I spent the night in a wee cosy bothy near Eilean Donan Castle – modern, snug, and mercifully midge-free.



In the morning, I trundled a few miles to Kyle Pier to board the last seagoing paddle steamer on Earth, the magnificent PS Waverley.

Overall, the weather was windy, cool, with the odd shower spitting down out of spite. Perfect Scottish cruising weather, in other words.
Under the Skye Bridge we slipped, then roughly north past the Red Cuillins – smooth-shouldered hills with a genuinely reddish hue, looking rather sheepish next to their darker cousins to come.
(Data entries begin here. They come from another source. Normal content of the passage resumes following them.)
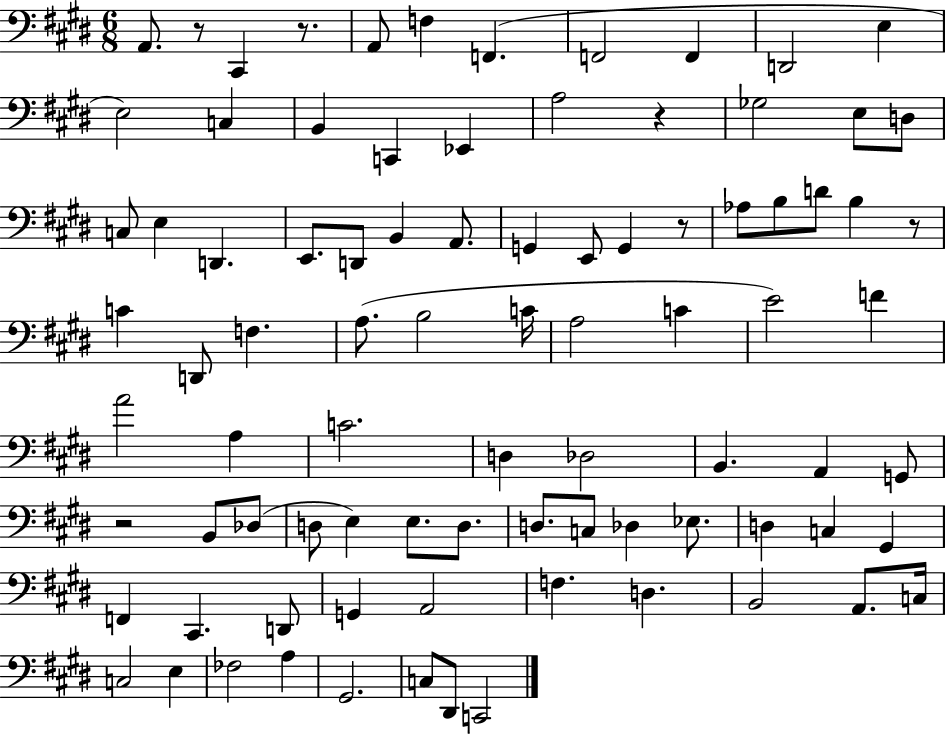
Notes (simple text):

A2/e. R/e C#2/q R/e. A2/e F3/q F2/q. F2/h F2/q D2/h E3/q E3/h C3/q B2/q C2/q Eb2/q A3/h R/q Gb3/h E3/e D3/e C3/e E3/q D2/q. E2/e. D2/e B2/q A2/e. G2/q E2/e G2/q R/e Ab3/e B3/e D4/e B3/q R/e C4/q D2/e F3/q. A3/e. B3/h C4/s A3/h C4/q E4/h F4/q A4/h A3/q C4/h. D3/q Db3/h B2/q. A2/q G2/e R/h B2/e Db3/e D3/e E3/q E3/e. D3/e. D3/e. C3/e Db3/q Eb3/e. D3/q C3/q G#2/q F2/q C#2/q. D2/e G2/q A2/h F3/q. D3/q. B2/h A2/e. C3/s C3/h E3/q FES3/h A3/q G#2/h. C3/e D#2/e C2/h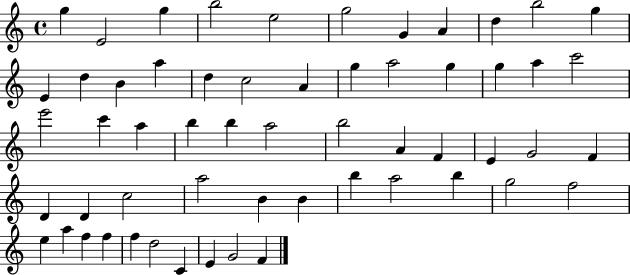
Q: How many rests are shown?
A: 0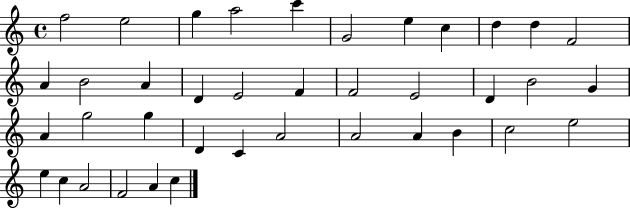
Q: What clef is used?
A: treble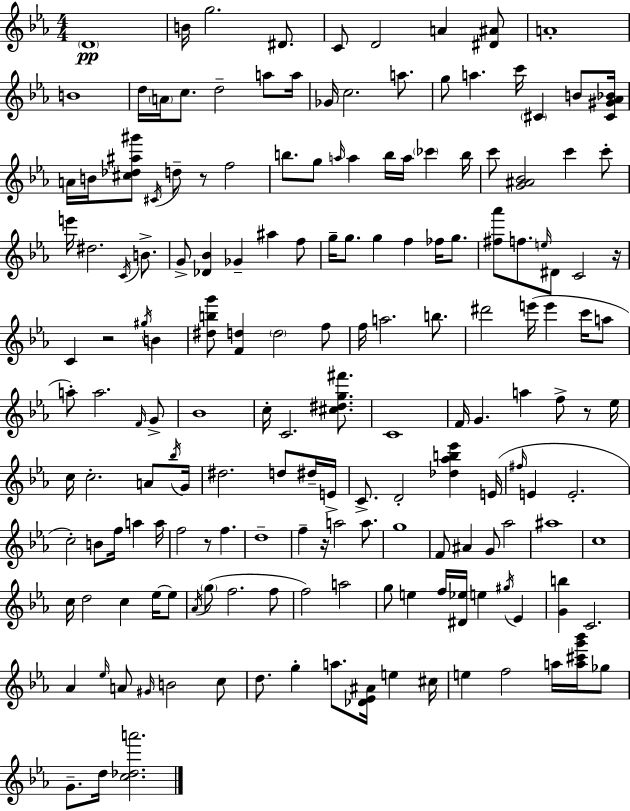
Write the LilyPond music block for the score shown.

{
  \clef treble
  \numericTimeSignature
  \time 4/4
  \key c \minor
  \parenthesize d'1\pp | b'16 g''2. dis'8. | c'8 d'2 a'4 <dis' ais'>8 | a'1-. | \break b'1 | d''16 \parenthesize a'16 c''8. d''2-- a''8 a''16 | ges'16 c''2. a''8. | g''8 a''4. c'''16 \parenthesize cis'4 b'8 <cis' gis' aes' bes'>16 | \break a'16 b'16 <cis'' des'' ais'' gis'''>8 \acciaccatura { cis'16 } d''8-- r8 f''2 | b''8. g''8 \grace { a''16 } a''4 b''16 a''16 \parenthesize ces'''4 | b''16 c'''8 <g' ais' bes'>2 c'''4 | c'''8-. e'''16 dis''2. \acciaccatura { c'16 } | \break b'8.-> g'8-> <des' bes'>4 ges'4-- ais''4 | f''8 g''16-- g''8. g''4 f''4 fes''16 | g''8. <fis'' aes'''>8 f''8. \grace { e''16 } dis'8 c'2 | r16 c'4 r2 | \break \acciaccatura { gis''16 } b'4 <dis'' b'' g'''>8 <f' d''>4 \parenthesize d''2 | f''8 f''16 a''2. | b''8. dis'''2 e'''16( e'''4 | c'''16 a''8 a''8-.) a''2. | \break \grace { f'16 } g'8-> bes'1 | c''16-. c'2. | <cis'' dis'' g'' fis'''>8. c'1 | f'16 g'4. a''4 | \break f''8-> r8 ees''16 c''16 c''2.-. | a'8 \acciaccatura { bes''16 } g'16 dis''2. | d''8 dis''16-- e'16-> c'8.-> d'2-. | <des'' aes'' b'' ees'''>4 e'16( \grace { fis''16 } e'4 e'2.-. | \break c''2-.) | b'8 f''16 a''4 a''16 f''2 | r8 f''4. d''1-- | f''4-- r16 a''2 | \break a''8. g''1 | f'8 ais'4 g'8 | aes''2 ais''1 | c''1 | \break c''16 d''2 | c''4 ees''16~~ ees''8 \acciaccatura { aes'16 } \parenthesize g''8( f''2. | f''8 f''2) | a''2 g''8 e''4 f''16 | \break <dis' ees''>16 e''4 \acciaccatura { gis''16 } ees'4 <g' b''>4 c'2. | aes'4 \grace { ees''16 } a'8 | \grace { gis'16 } b'2 c''8 d''8. g''4-. | a''8. <des' ees' ais'>16 e''4 cis''16 e''4 | \break f''2 a''16 <a'' cis''' g''' bes'''>16 ges''8 g'8.-- d''16 | <c'' des'' a'''>2. \bar "|."
}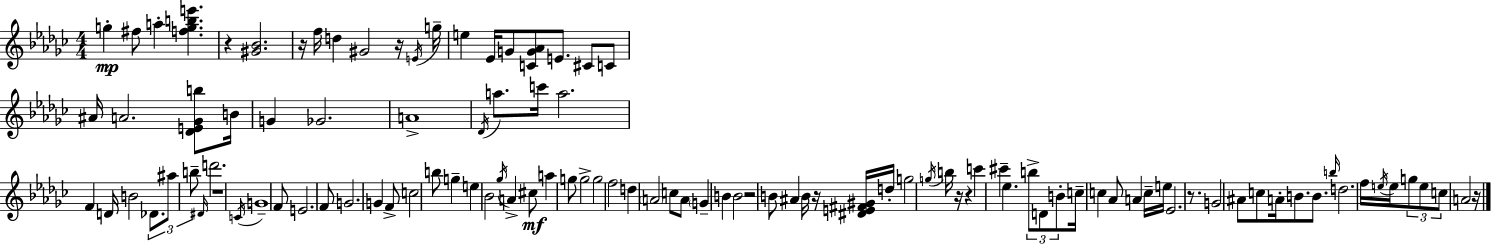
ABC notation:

X:1
T:Untitled
M:4/4
L:1/4
K:Ebm
g ^f/2 a [fgbe'] z [^G_B]2 z/4 f/4 d ^G2 z/4 E/4 g/4 e _E/4 G/2 [CG_A]/2 E/2 ^C/2 C/2 ^A/4 A2 [_DE_Gb]/2 B/4 G _G2 A4 _D/4 a/2 c'/4 a2 F D/4 B2 _D/2 ^a/2 b/2 ^D/4 d'2 z4 C/4 G4 F/2 E2 F/2 G2 G F/2 c2 b/2 g e _B2 _g/4 A ^c/2 a g/2 g2 g2 f2 d A2 c/2 A/2 G B B2 z2 B/2 ^A B/4 z/4 [^DE^F^G]/4 d/4 g2 g/4 b/4 z/4 z c' ^c' _e b/2 D/2 B/2 c/4 c _A/2 A c/4 e/4 _E2 z/2 G2 ^A/2 c/2 A/4 B/2 B/2 b/4 d2 f/4 e/4 e/4 g/2 e/2 c/2 A2 z/4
Threading east of Scalpay and west of Raasay, we approached Portree on a very tight heading. Alas, it was not to be. We bottled it at the last moment – too windy to dock – and waved cheerfully at the abandoned souls on the pier as we sailed merrily off without them. These things happen. To them, mostly.
Anchored just outside Portree sat the MV Hebridean Princess, formerly CalMac’s MV Columba and which once ferried the young Bryers clan from Oban to Coll in the 60s and 70s. A small, salty nod from the past.

Then the cliffs got interesting. As we neared The Storr, the Old Man himself put on quite a show — winking in and out of existence through the shifting light, a great phallic spire thrusting up through the rocky crust, slowly being humbled by the elements. Dr Z, incidentally, is finished in Storr Green, which prompted a moment of quiet reflection on the fact that my car’s color looks absolutely nothing like the Old Man. Probably for the best.



Lealt Falls and Kilt Rock followed in quick succession – the latter genuinely surreal, its waterfall snatched up by the wind and flung skywards in a fine misty rebellion against gravity.
Then the otherworldly Quiraing hove into view. Splendid is the only word. Splendid and slightly unreal, like a landscape that got lost on its way to a fantasy novel.
Past Waternish Lighthouse, we called into Uig and collected a couple of passengers who’d had the wit to drive over from Portree. Well played, those two.
After Neist Point Lighthouse we struck out across open water, past Canna, Rum, Eigg and Muck – the Small Isles laid out like a tasting menu. A white yacht glided northeast in the sunlight, with the MV Glen Sannox brooding on the horizon behind it (still afloat, against the odds).





Then the Black Cuillins. Dark, jagged, tops swallowed by Mordor clouds — the geological equivalent of someone refusing to make eye contact.

The Silver Sands of Morar glimmered faintly in the distance, and finally we threaded the Narrows between Glenelg and Kylerhea, with the tide doing most of the steering. Thirty-nine minutes later, we were back in Kyle.




A cold but glorious thirteen hours aboard the grand old PS Waverley.